(Beginning of Task input)

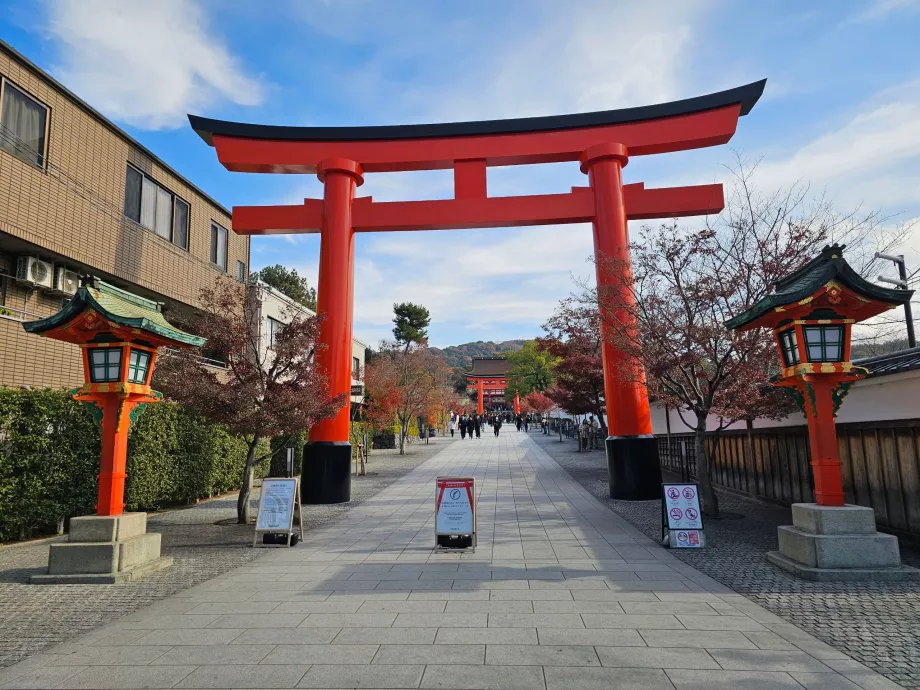 Fußgängereingangsbereich von Bahnhöfen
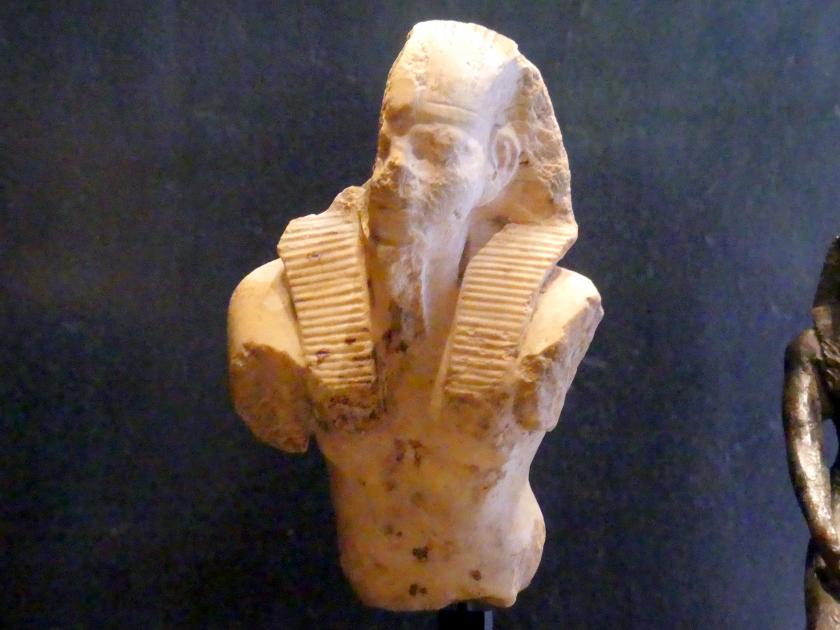 Torso einer Kniefigur des Pharao Amenophis I., 18. Dynastie, Undatiert, 1550 v. Chr.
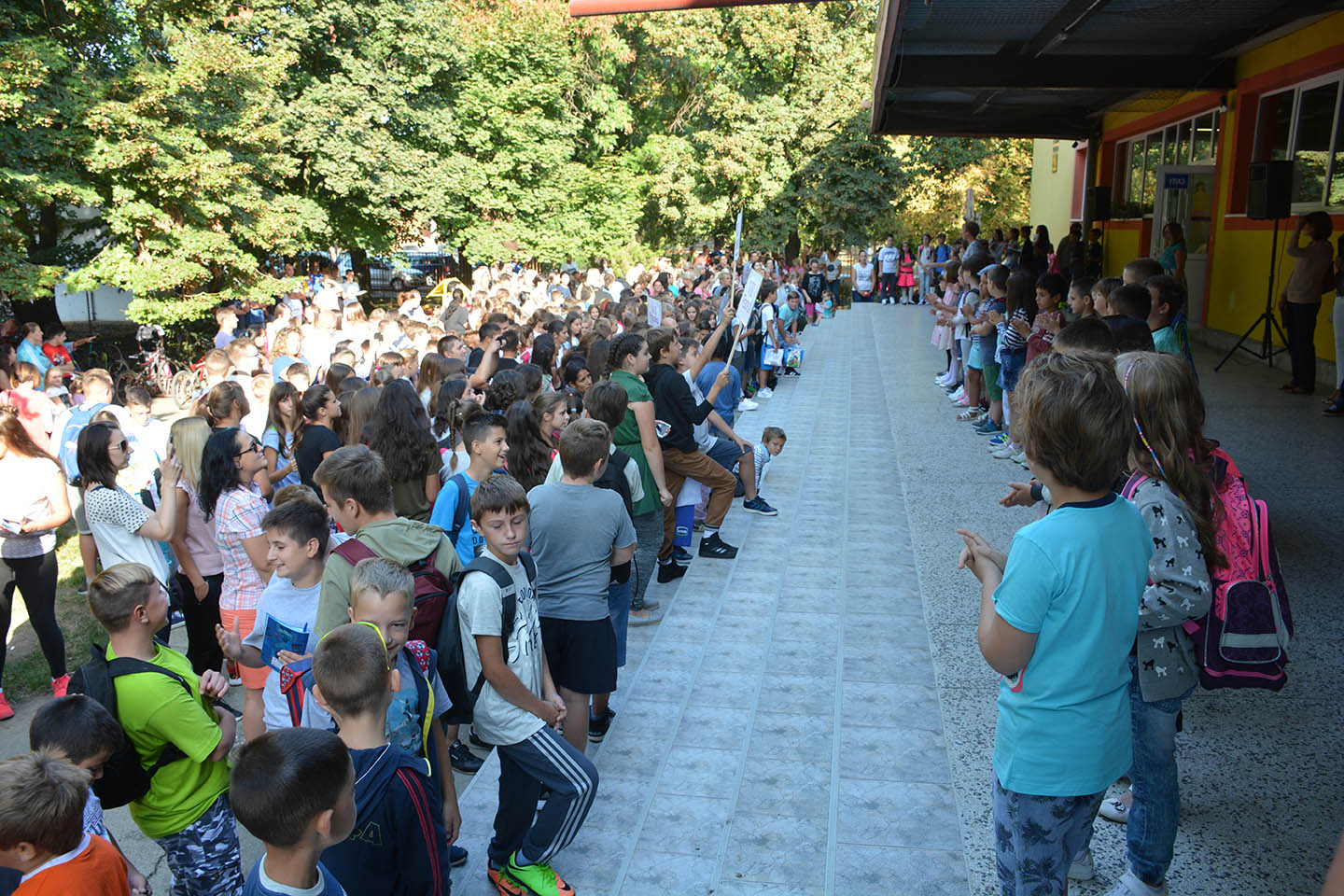 Prvi dan škole:  DOBRODOŠLICA ZA ĐAKE PRVAKE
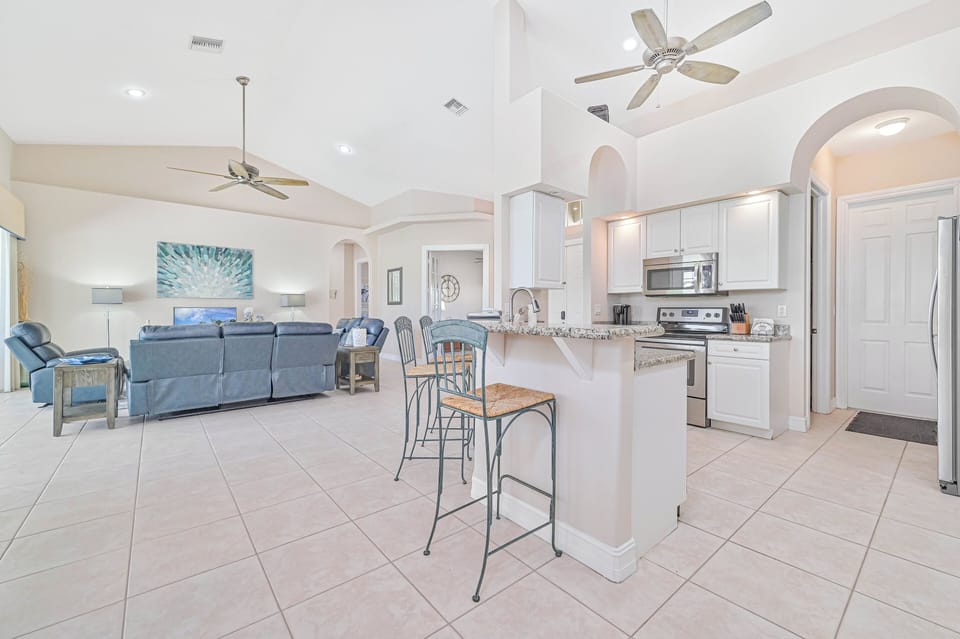 SW28415 - Fully equipped kitchen with breakfast bar.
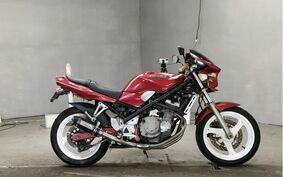 SUZUKI BANDIT 250 GJ74A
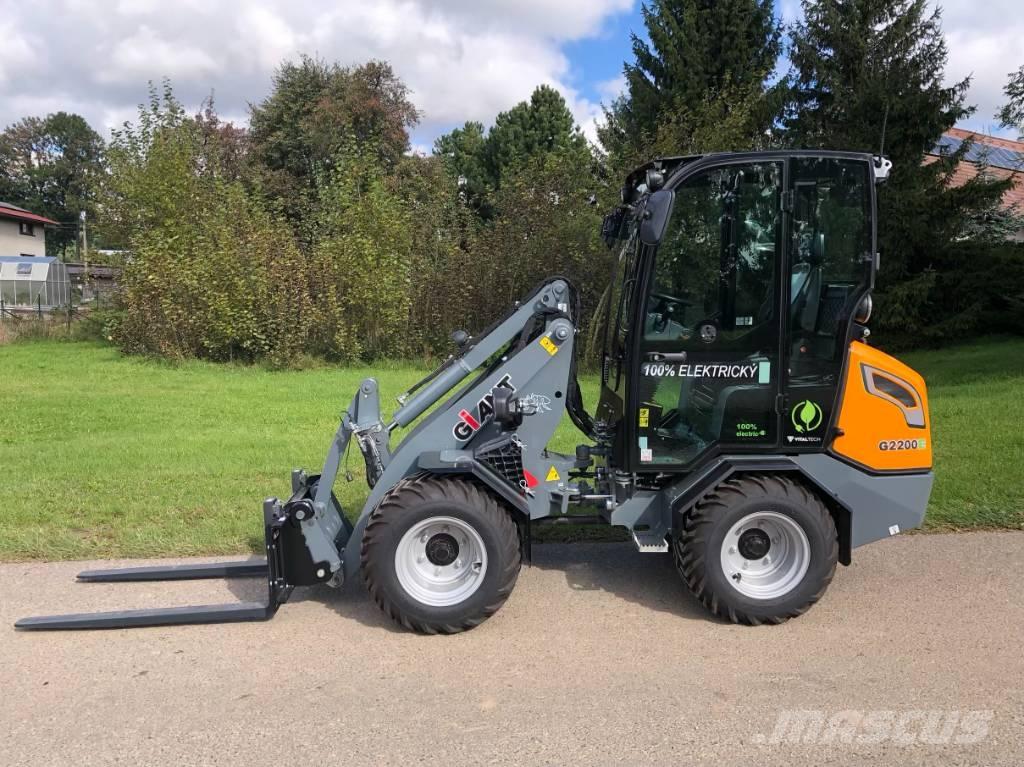 GiANT G 2200 E Многофункциональные сельскохозяйственные погрузчики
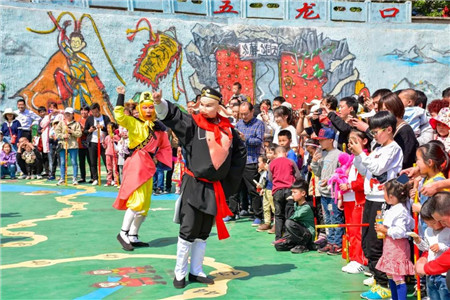 萌猴、表演、美景...中国猴山邀你五一来巡山！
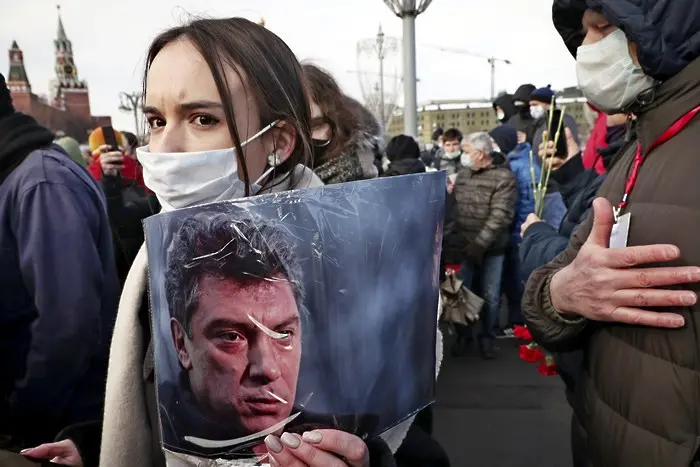Хиляди руснаци почетоха днес Борис Немцов (СНИМКИ)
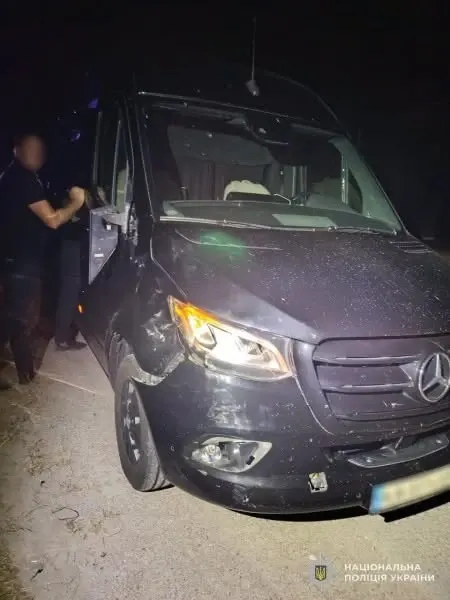 На Львівщині мікроавтобус збив пішохода: 20-річний юнак помер у лікарні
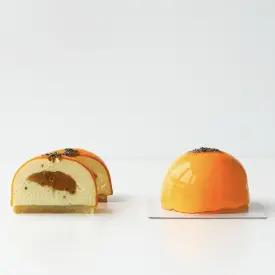 Макарон «Манго-маракуйя-чиа»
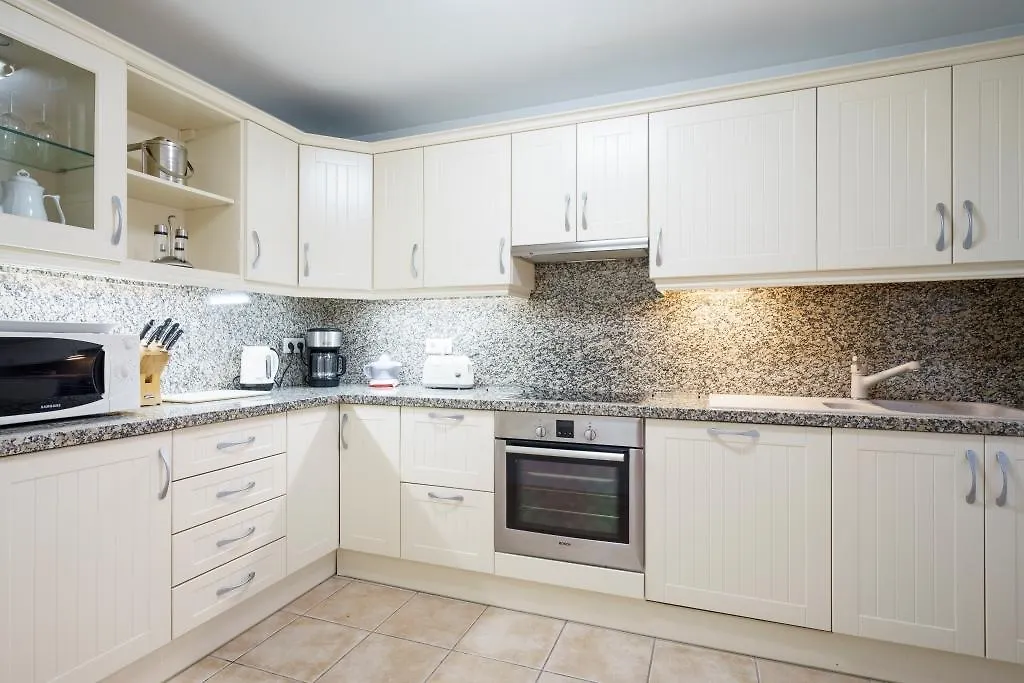 La Cartuja Del Golf Apartment Estepona Spain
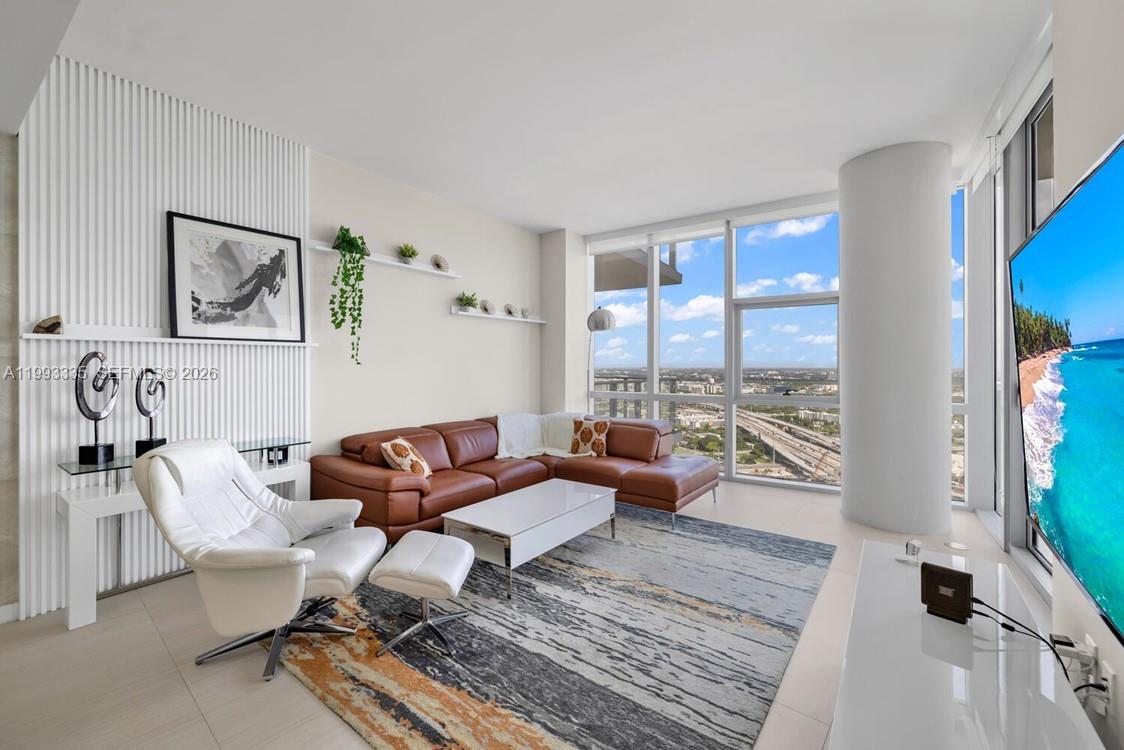 851 NE 1st Ave #3401, Miami FL 33132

(End of Task input)

Required action: Pictures don't belong in the copy. Transcribe every record exactly as it appears.

Answer space:
 Fußgängereingangsbereich von Bahnhöfen
 Torso einer Kniefigur des Pharao Amenophis I., 18. Dynastie, Undatiert, 1550 v. Chr.
 Prvi dan škole:  DOBRODOŠLICA ZA ĐAKE PRVAKE
 SW28415 - Fully equipped kitchen with breakfast bar.
 SUZUKI BANDIT 250 GJ74A
 GiANT G 2200 E Многофункциональные сельскохозяйственные погрузчики
 萌猴、表演、美景...中国猴山邀你五一来巡山！
Хиляди руснаци почетоха днес Борис Немцов (СНИМКИ)
 На Львівщині мікроавтобус збив пішохода: 20-річний юнак помер у лікарні
 Макарон «Манго-маракуйя-чиа»
 La Cartuja Del Golf Apartment Estepona Spain
 851 NE 1st Ave #3401, Miami FL 33132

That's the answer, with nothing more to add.